Latent Noise Segmentation: How Neural Noise Leads to the Emergence of Segmentation and Grouping

Deep Neural Networks (DNNs) that achieve human-level performance in general tasks like object segmentation typically require supervised labels. In contrast, humans are able to perform these tasks effortlessly without supervision. To accomplish this, the human visual system makes use of perceptual grouping. Understanding how perceptual grouping arises in an unsupervised manner is critical for improving both models of the visual system, and computer vision models. In this work, we propose a counterintuitive approach to unsupervised perceptual grouping and segmentation: that they arise because of neural noise, rather than in spite of it. We (1) mathematically demonstrate that under realistic assumptions, neural noise can be used to separate objects from each other, and (2) show that adding noise in a DNN enables the network to segment images even though it was never trained on any segmentation labels. Interestingly, we find that (3) segmenting objects using noise results in segmentation performance that aligns with the perceptual grouping phenomena observed in humans. We introduce the Good Gestalt (GG) datasets -- six datasets designed to specifically test perceptual grouping, and show that our DNN models reproduce many important phenomena in human perception, such as illusory contours, closure, continuity, proximity, and occlusion. Finally, we (4) demonstrate the ecological plausibility of the method by analyzing the sensitivity of the DNN to different magnitudes of noise. We find that some model variants consistently succeed with remarkably low levels of neural noise ($\sigma<0.001$), and surprisingly, that segmenting this way requires as few as a handful of samples. Together, our results suggest a novel unsupervised segmentation method requiring few assumptions, a new explanation for the formation of perceptual grouping, and a potential benefit of neural noise in the visual system.

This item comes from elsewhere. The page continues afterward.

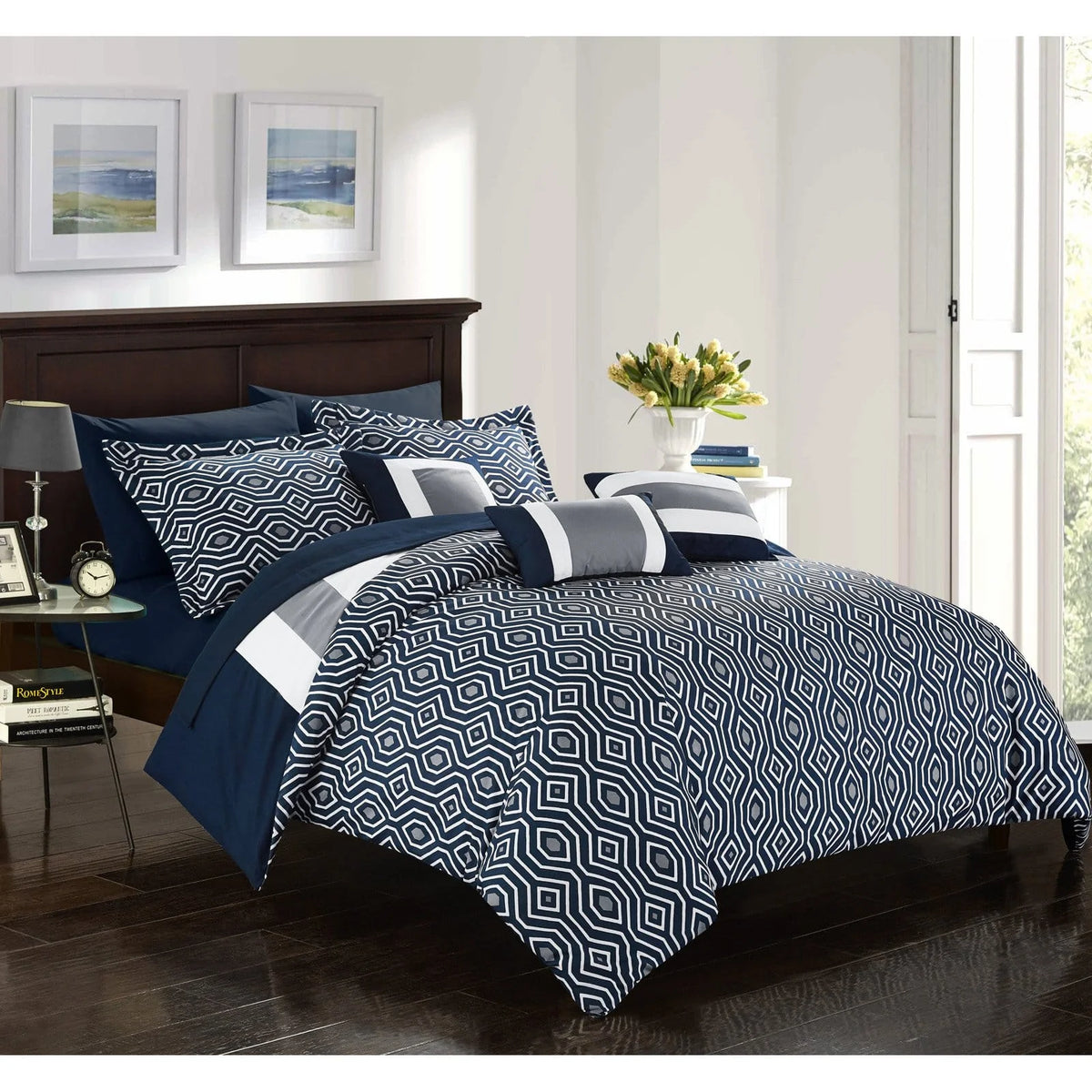10 Piece Reversible Comforter Set F15706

翻译：在通用任务（如目标分割）中达到人类水平的深度神经网络通常需要监督标签。相比之下，人类可以在无监督的情况下轻松完成这些任务。为此，人类视觉系统利用了知觉分组。理解知觉分组如何在无监督条件下涌现，对于改进视觉系统模型和计算机视觉模型都至关重要。本文提出了一种反直觉的无监督知觉分组与分割方法：即这些现象源于神经噪声，而非其对立面。我们（1）从数学上证明，在现实假设下，神经噪声可用于将物体彼此分离；（2）表明在深度神经网络中添加噪声可使网络实现图像分割，即使该网络从未经过任何分割标签训练。有趣的是，我们发现（3）利用噪声分割物体的结果与人类观察到的知觉分组现象一致。我们引入了"完形"数据集——六个专门用于测试知觉分组的数据集，并证明我们的深度神经网络模型再现了人类知觉中的许多重要现象，如错觉轮廓、闭合性、连续性、接近性和遮挡。最后，（4）我们通过分析深度神经网络对不同噪声幅度的敏感性，证明了该方法的生态学合理性。我们发现，部分模型变体在极低水平的神经噪声（σ<0.001）下仍能持续成功分割，且令人惊讶的是，这种分割方式仅需极少样本。综上，我们的研究提出了一种假设较少的新型无监督分割方法，为知觉分组形成提供了新解释，并揭示了视觉系统中神经噪声的潜在益处。